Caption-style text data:
* * *

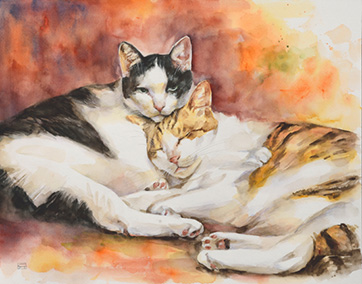 �ְ�������2017ǯ11���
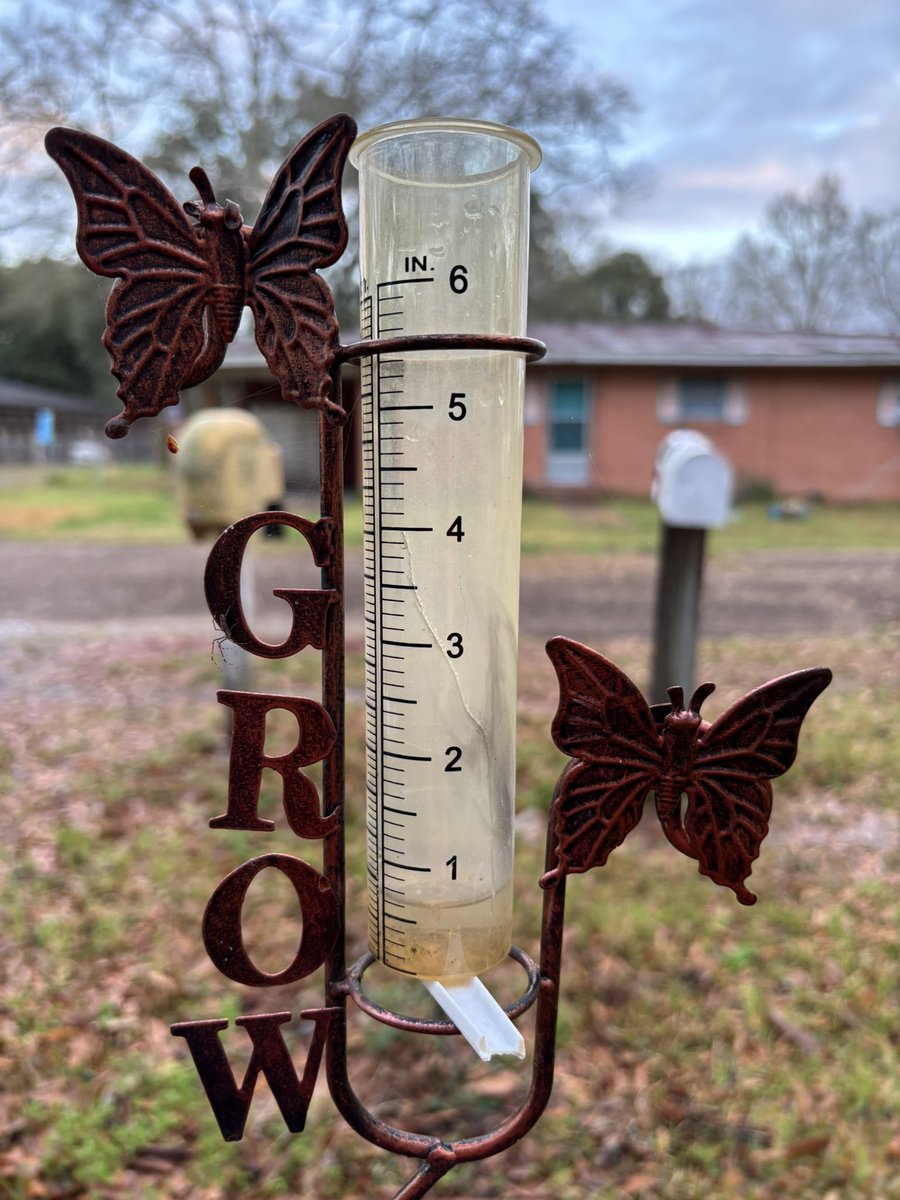 kajunjon's tweet photo. Had some tornado warnings and strong winds last night. But everything looks ok so far this morning in #Mamou Got about 3/4” https://t.co/3pISwPgAPg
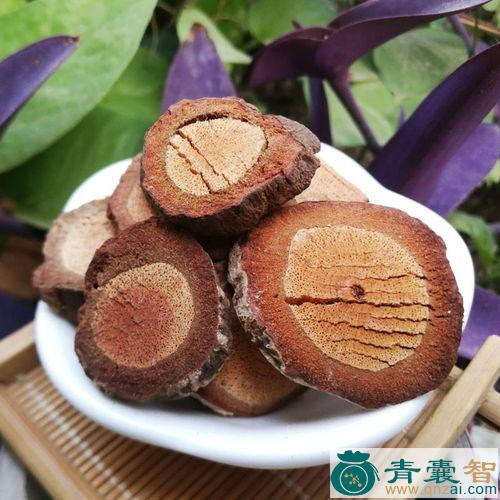 中药材钻骨凤图片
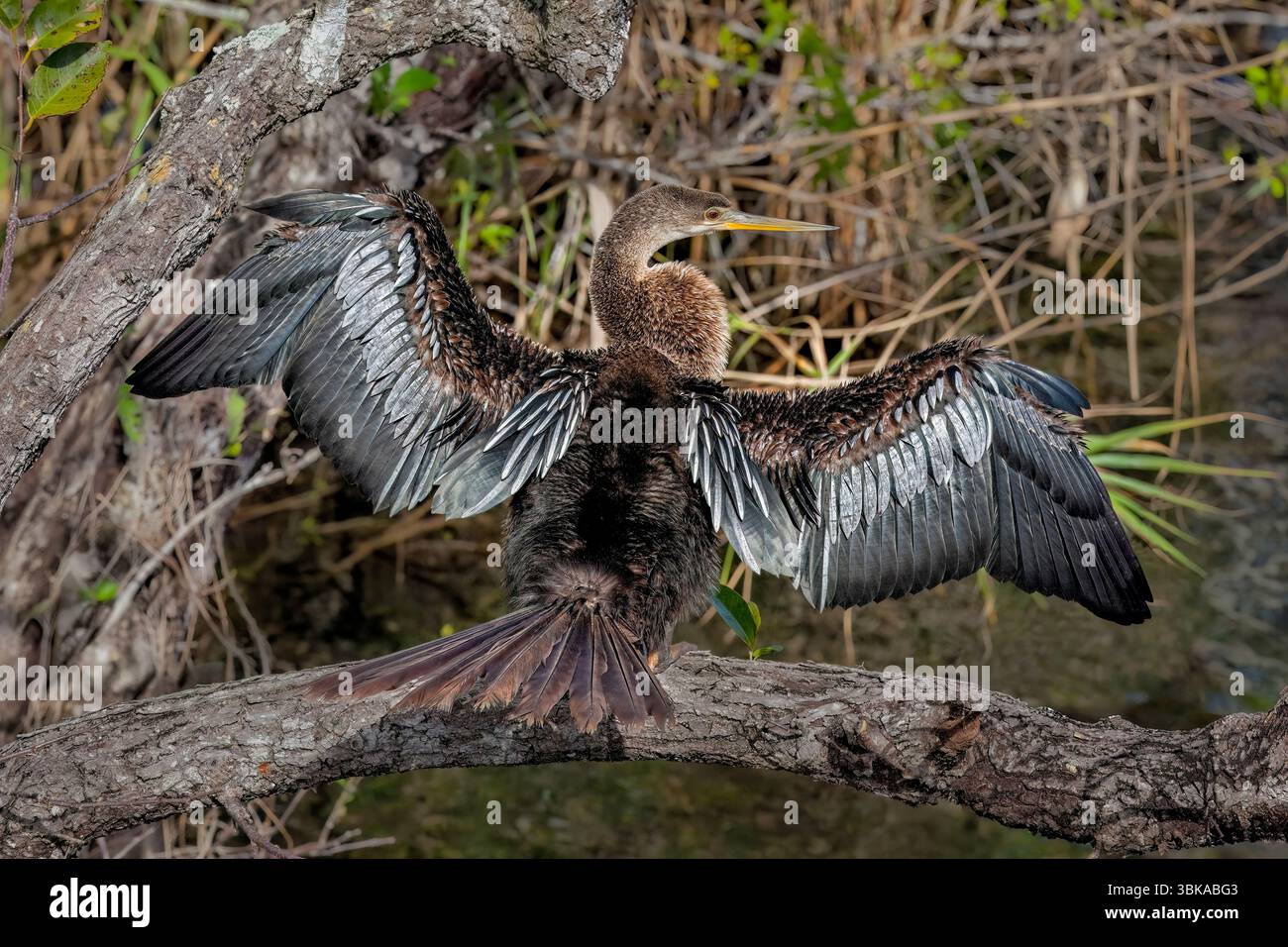 Sonnen Anhinga, Florida Everglades Stockfoto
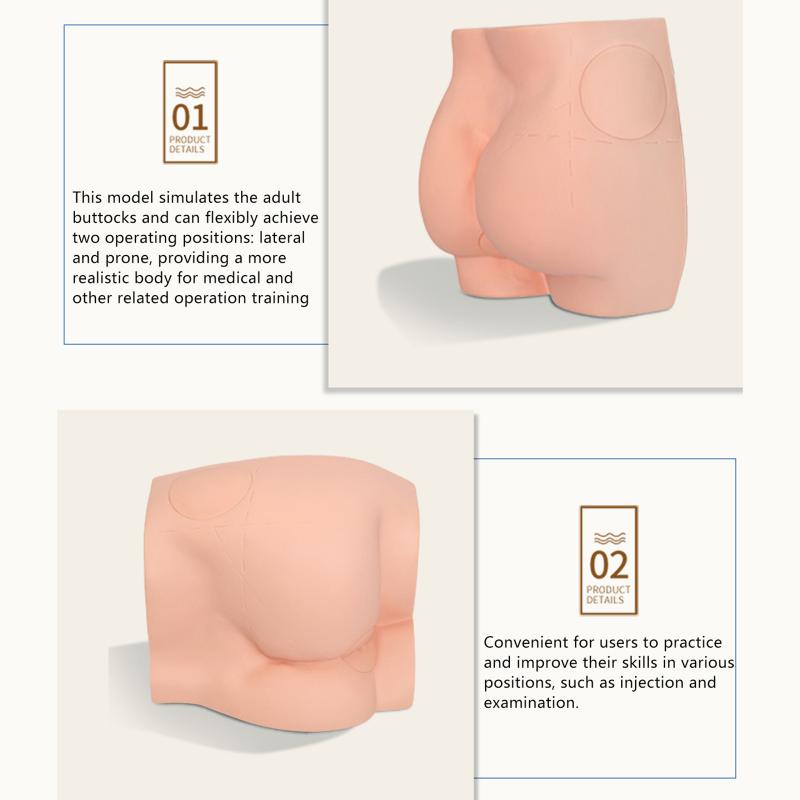 Human Adult Hip Injection Training Model Reusable Manikin Teaching Intramuscular Anatomical Models For Nurse Medical Students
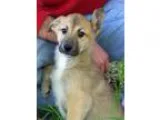 Adopt Miss Clovis a TanYellowFawn - with White Shepherd (Unknown
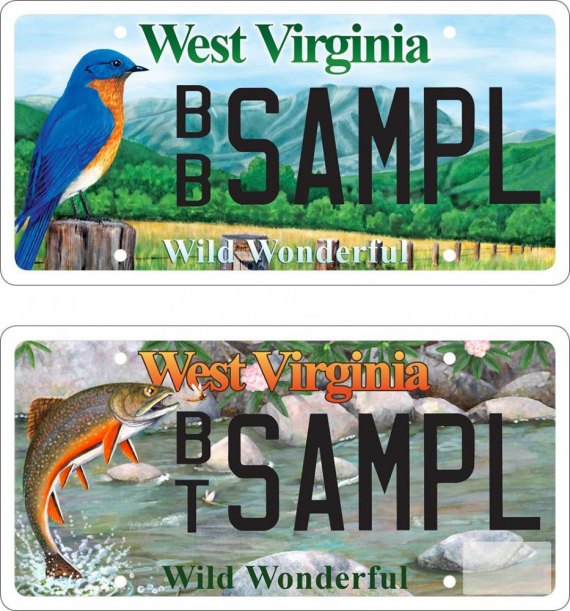 Brook trout and bluebird wildlife license plates available for West Virginia motorists Brook trout and bluebird wildlife license plates available for West Virginia motorists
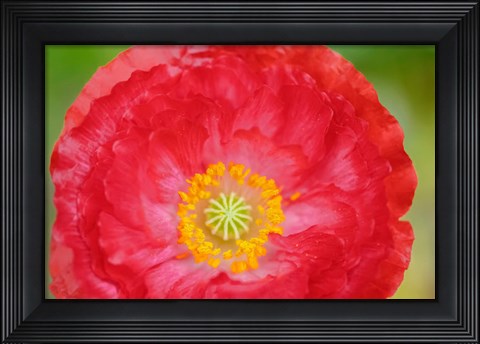 Framed Red Poppy Flower Print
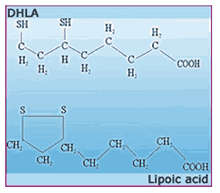  DHLA Diagram 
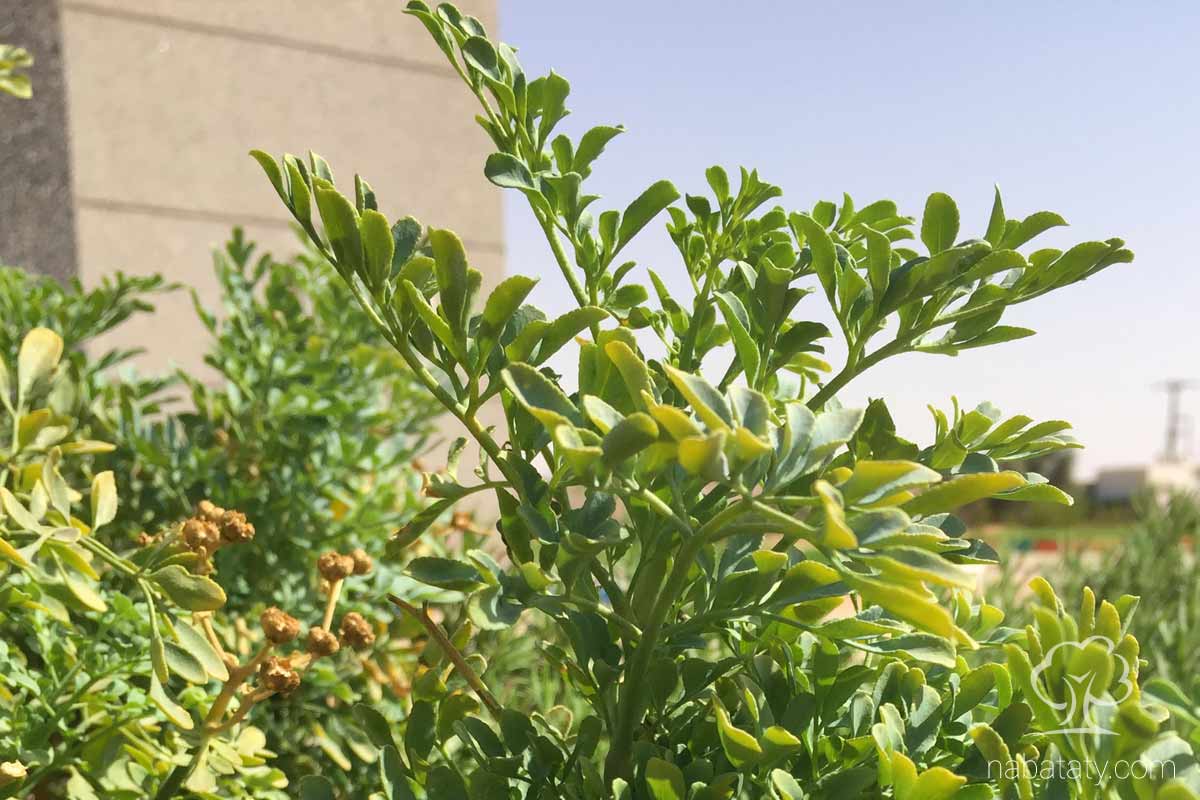 أرشيفية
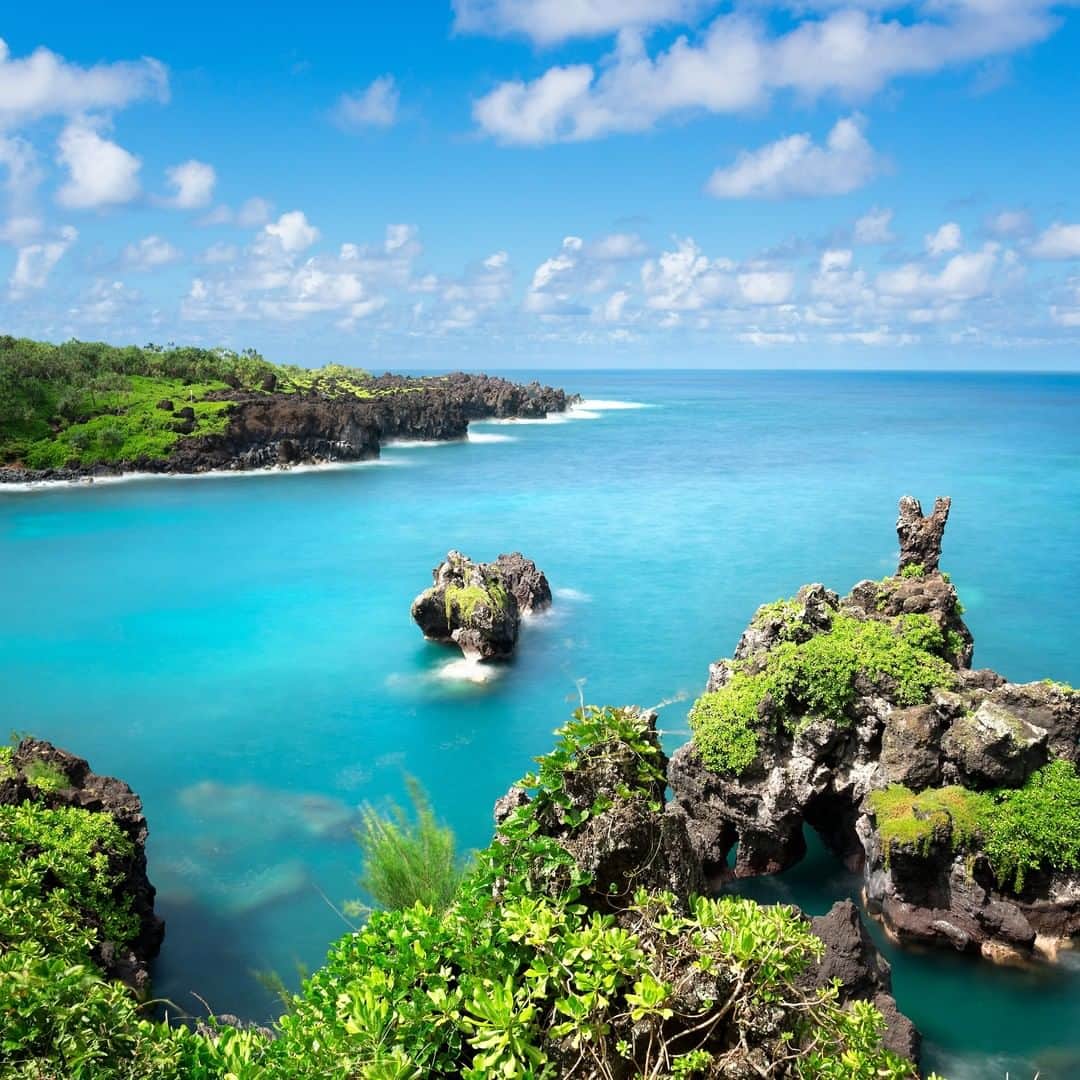 のインスタグラム：「We are pleased to welcome Hawaii’s announcement that Canadians are now eligible to be exempt from the state’s mandatory 14-day quarantine on arrival via a pre-travel testing process. . . Nous nous réjouissons aujourd’hui de l’annonce faite par Hawaii selon laquelle les Canadiens peuvent à présent être exemptés de la quarantaine obligatoire de 14 jours à leur arrivée en effectuant un test de dépistage avant le voyage.」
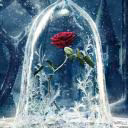 Billy_Rous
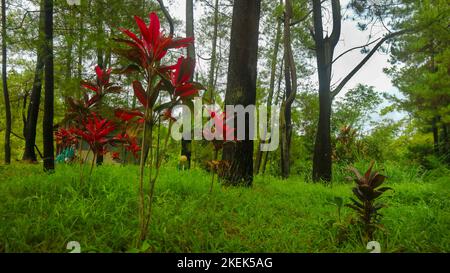 piante di ti hawaiane rosse con erba verde Foto Stock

* * *

§ **EXERCISE REQUIREMENTS**
From the line with "Adopt Miss Clovis" down to the final line of the entries above, repeat each line exactly; omit the pictures.

§ **TASK ANSWER**
 Adopt Miss Clovis a TanYellowFawn - with White Shepherd (Unknown
 Brook trout and bluebird wildlife license plates available for West Virginia motorists Brook trout and bluebird wildlife license plates available for West Virginia motorists
 Framed Red Poppy Flower Print
  DHLA Diagram 
 أرشيفية
 のインスタグラム：「We are pleased to welcome Hawaii’s announcement that Canadians are now eligible to be exempt from the state’s mandatory 14-day quarantine on arrival via a pre-travel testing process. . . Nous nous réjouissons aujourd’hui de l’annonce faite par Hawaii selon laquelle les Canadiens peuvent à présent être exemptés de la quarantaine obligatoire de 14 jours à leur arrivée en effectuant un test de dépistage avant le voyage.」
 Billy_Rous
 piante di ti hawaiane rosse con erba verde Foto Stock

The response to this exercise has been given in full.